John Zorn

August 8, 2009

By John Brackett

Indiana University Press

Analytical and selective, rather than critical or narrative, this volume attempts to map connective themes in John Zorn’s collective works. John Brackett, a University of Utah music professor, describes Zorn’s oeuvre as alternatively relating to tradition, transgression, or the tradition of transgression.

Some of Brackett’s insights are both accurate and provocative. All the same, this volume has several limitations. Tradition and Transgression focuses on only four works: the brutal graphic imagery which illustrates Naked City’s Torture Garden and Leng Tch’e; the currents of so-called “magick” and mysticism expressed in “Necronomicon” and IAO: Music in Sacred Light; Zorn’s musical homage to artists, such as “In the Very Eye of Night” (for film-maker Maya Deren) and “Untitled” (for sculptor Joseph Cornell); and his links to so-called serious music in scores such as Aporias.

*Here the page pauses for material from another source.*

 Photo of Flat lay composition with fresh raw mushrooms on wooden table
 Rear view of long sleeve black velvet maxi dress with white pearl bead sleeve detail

After defining Zorn’s work as a total package, so that booklet images depicting torture, violence and S&M on Naked City CDs can’t be divorced from the music, Brackett states: “Zorn’s music …attempts to transgress the boundaries between what is …understood as discursively acceptable, irrational and logical … and what is considered irrational, unacceptable and outside of such formations,” indicating that the music and imagery together can have several meanings, depending on listeners’ interpretations.

Brackett elucidation of how the composer incorporates influences from the mystical numbers embedded in the “magick” treatises of Satanist Aleister Crowley and Kabblaistic texts is equally fascinating, if exhausting. Transcribing in miniscule detail tracks on the CDs, Brackett analyzes not only compositional strategies, bar lines, and pitches but also the space between the tracks for symbolic relationship to such occult numbers as “666”, “13” or “15”. “Zorn is interested in recovering those traditions that have … been marginalized”, he writes. The composer’s interest in so-called magick “represents an affinity for ‘traditions of (heterogeneous) transgression’.” Zorn’s transgressions thus put him in a tradition of other transgressive avant-gardists.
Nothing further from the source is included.